**Task to complete**
When the line containing "최근 무더운 8월을 피해" appears in the entries below, begin printing there and stop after the line containing "Audi A4L — фото 7"; print each of those lines exactly and no other line.
══ Entries shown
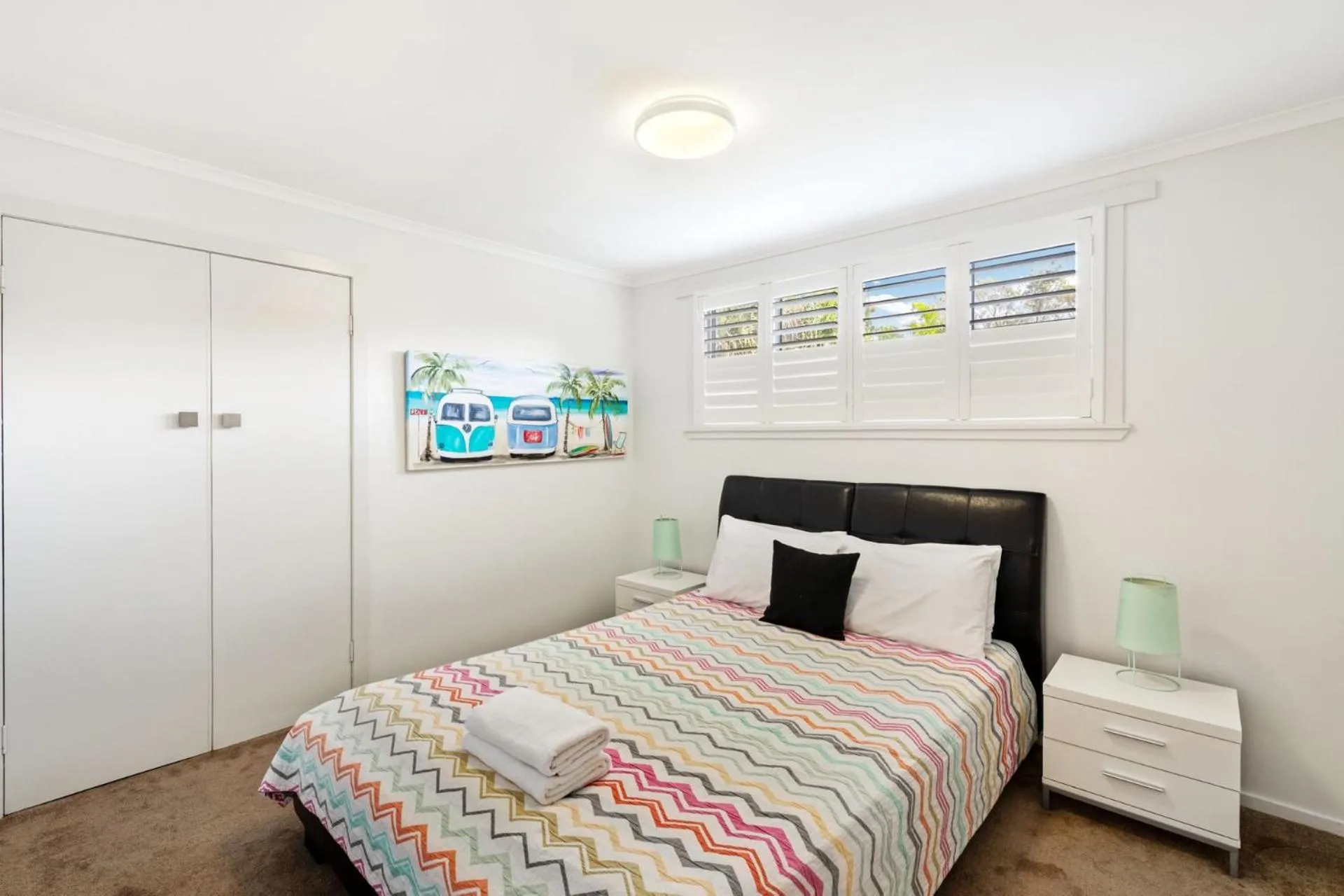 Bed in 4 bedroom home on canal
════
══ Entries shown
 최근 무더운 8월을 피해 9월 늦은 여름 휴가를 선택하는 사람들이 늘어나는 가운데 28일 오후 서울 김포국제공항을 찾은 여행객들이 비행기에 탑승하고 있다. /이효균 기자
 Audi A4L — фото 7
════
**Written answer**
 최근 무더운 8월을 피해 9월 늦은 여름 휴가를 선택하는 사람들이 늘어나는 가운데 28일 오후 서울 김포국제공항을 찾은 여행객들이 비행기에 탑승하고 있다. /이효균 기자
 Audi A4L — фото 7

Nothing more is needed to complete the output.